— Records supplied —
*** Block opens ***

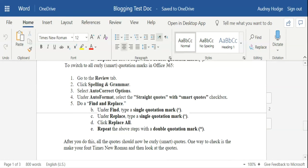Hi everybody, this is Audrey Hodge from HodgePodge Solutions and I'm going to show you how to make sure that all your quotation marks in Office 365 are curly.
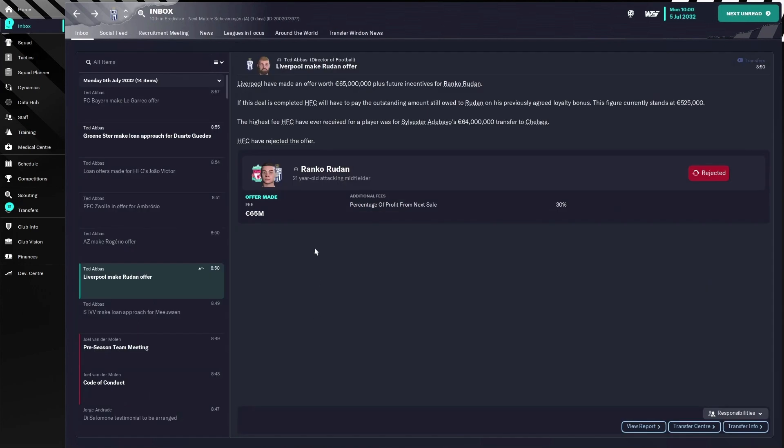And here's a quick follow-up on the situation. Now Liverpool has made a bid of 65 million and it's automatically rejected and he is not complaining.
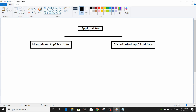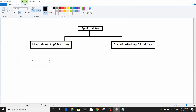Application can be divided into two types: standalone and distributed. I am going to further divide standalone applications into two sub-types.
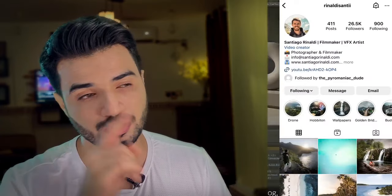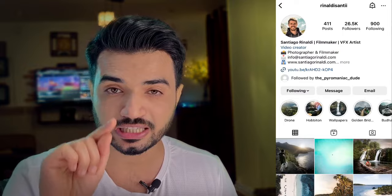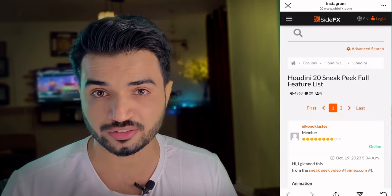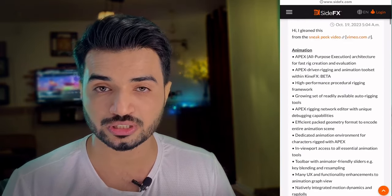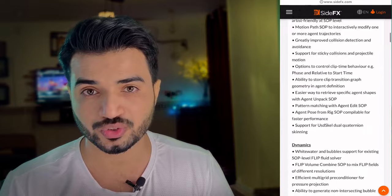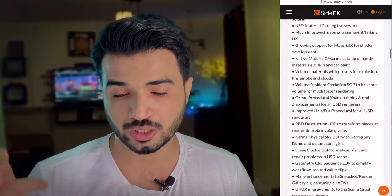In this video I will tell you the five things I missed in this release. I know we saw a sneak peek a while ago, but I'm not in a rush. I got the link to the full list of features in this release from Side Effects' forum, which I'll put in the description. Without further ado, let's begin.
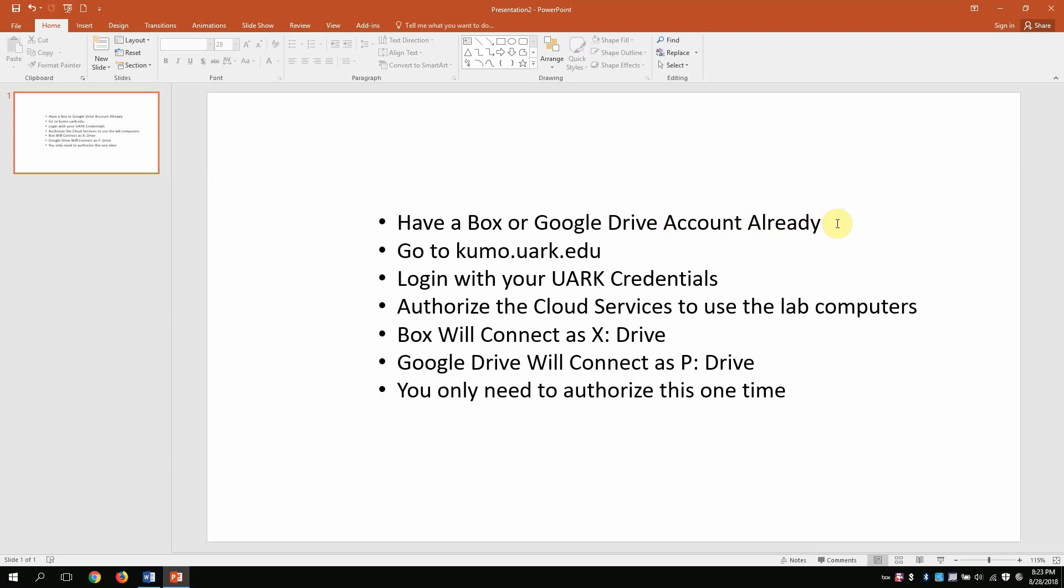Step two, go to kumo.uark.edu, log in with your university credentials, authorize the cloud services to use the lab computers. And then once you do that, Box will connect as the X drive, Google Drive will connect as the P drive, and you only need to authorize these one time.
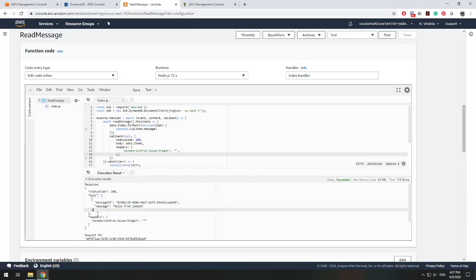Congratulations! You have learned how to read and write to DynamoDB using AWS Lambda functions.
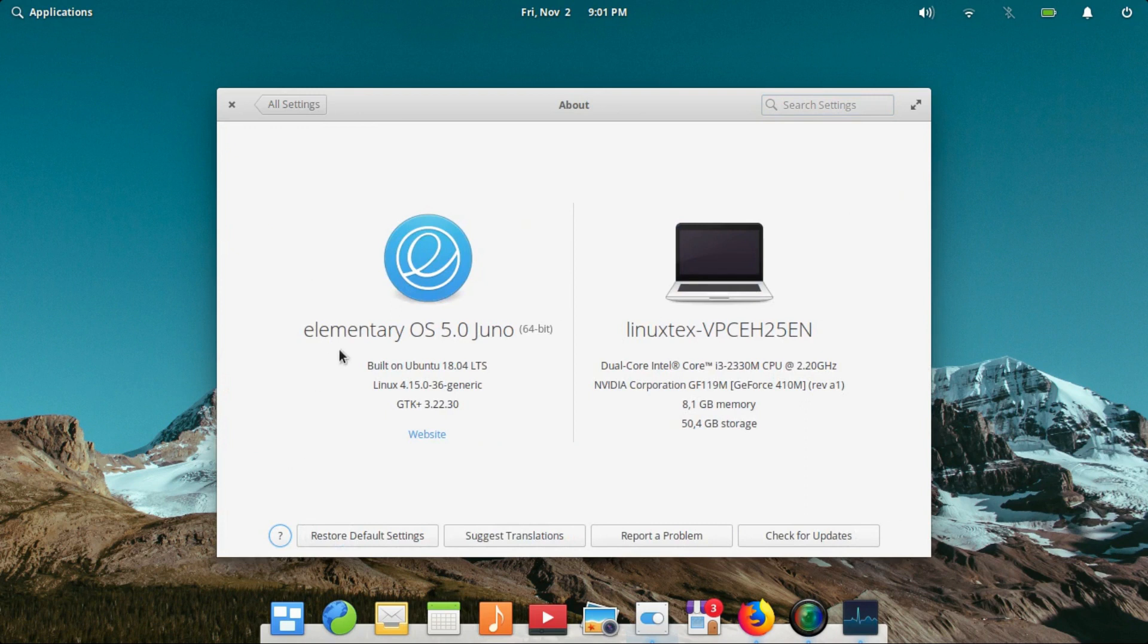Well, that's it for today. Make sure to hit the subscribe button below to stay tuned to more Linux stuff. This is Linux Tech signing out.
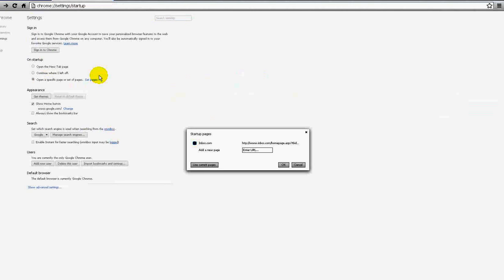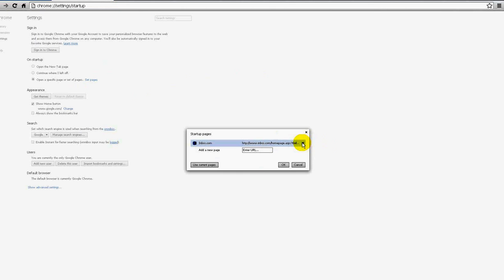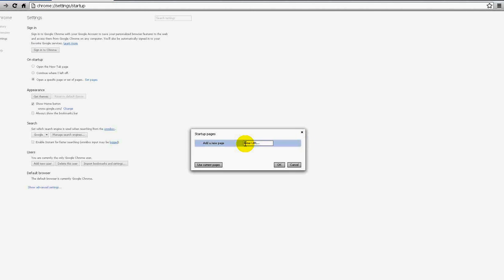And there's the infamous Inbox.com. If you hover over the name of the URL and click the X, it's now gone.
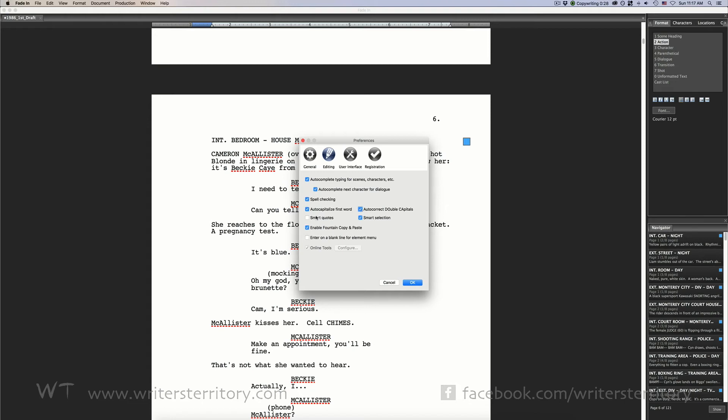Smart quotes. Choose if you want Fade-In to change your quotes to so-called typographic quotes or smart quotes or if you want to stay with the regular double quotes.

*** Block closes ***
*** Block opens ***

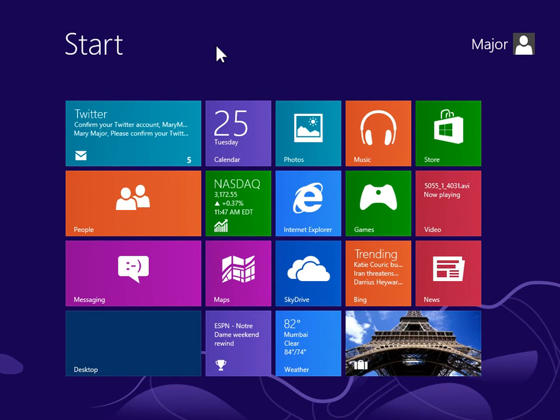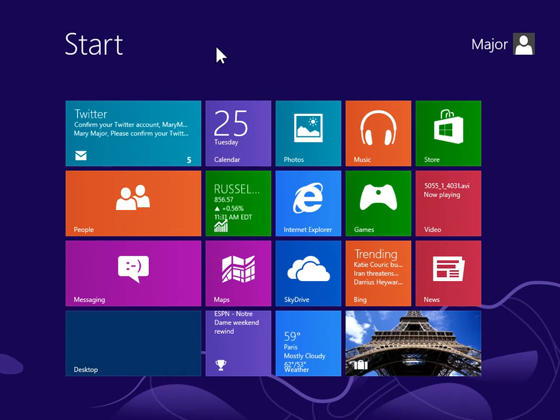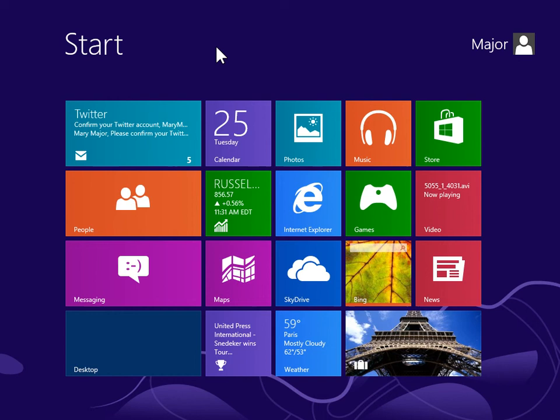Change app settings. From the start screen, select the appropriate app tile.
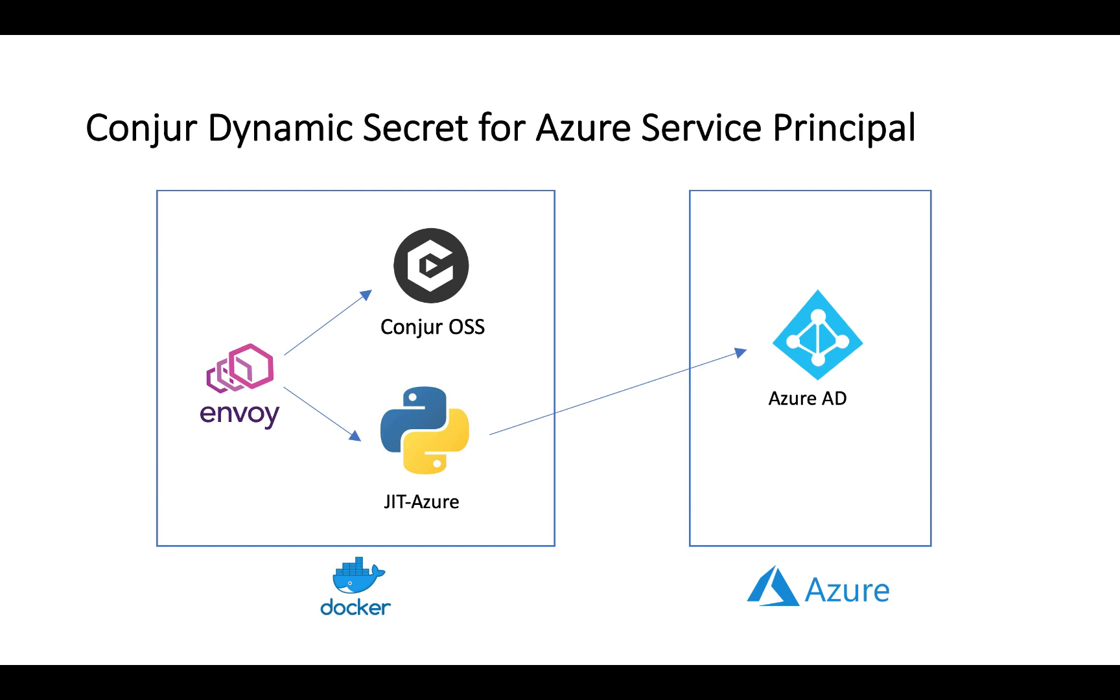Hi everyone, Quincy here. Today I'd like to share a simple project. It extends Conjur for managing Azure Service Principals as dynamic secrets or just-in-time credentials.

*** Block closes ***

— The problem —
Out of the records above, return only the lines from the one with "Step two, go" through the one with "Smart quotes. Choose", exactly, and none of the pictures.

— Answer to the problem —
Step two, go to kumo.uark.edu, log in with your university credentials, authorize the cloud services to use the lab computers. And then once you do that, Box will connect as the X drive, Google Drive will connect as the P drive, and you only need to authorize these one time.
Congratulations! You have learned how to read and write to DynamoDB using AWS Lambda functions.
Well, that's it for today. Make sure to hit the subscribe button below to stay tuned to more Linux stuff. This is Linux Tech signing out.
And there's the infamous Inbox.com. If you hover over the name of the URL and click the X, it's now gone.
Smart quotes. Choose if you want Fade-In to change your quotes to so-called typographic quotes or smart quotes or if you want to stay with the regular double quotes.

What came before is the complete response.